Records for processing:

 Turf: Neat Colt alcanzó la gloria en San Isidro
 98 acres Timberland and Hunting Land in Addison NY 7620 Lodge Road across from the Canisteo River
--
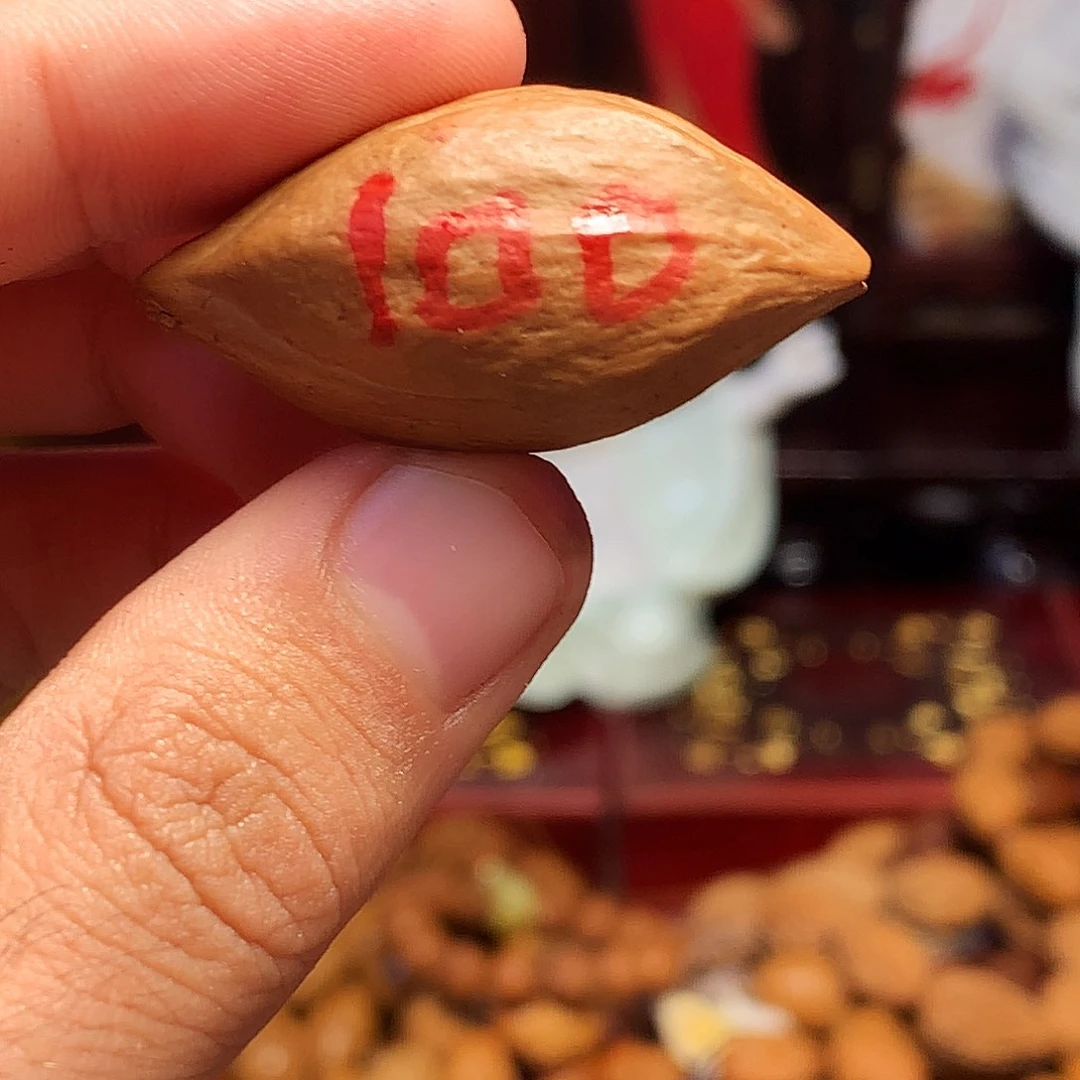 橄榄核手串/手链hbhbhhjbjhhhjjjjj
--
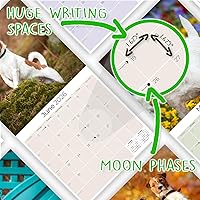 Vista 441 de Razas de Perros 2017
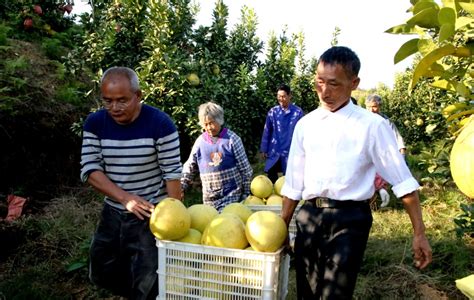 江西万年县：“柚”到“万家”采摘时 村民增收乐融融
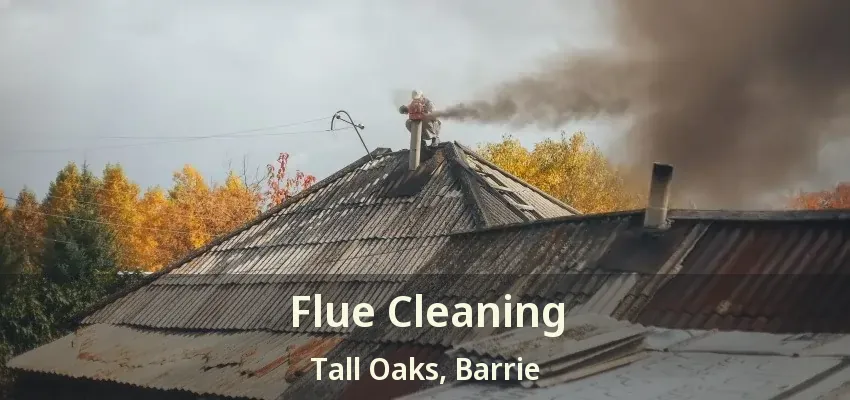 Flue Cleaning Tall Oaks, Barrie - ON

What is expected:
Using only the listing above, restate exactly the lines from the line containing "Turf: Neat Colt" through the line containing "98 acres Timberland", both included.

Solution for this problem:
 Turf: Neat Colt alcanzó la gloria en San Isidro
 98 acres Timberland and Hunting Land in Addison NY 7620 Lodge Road across from the Canisteo River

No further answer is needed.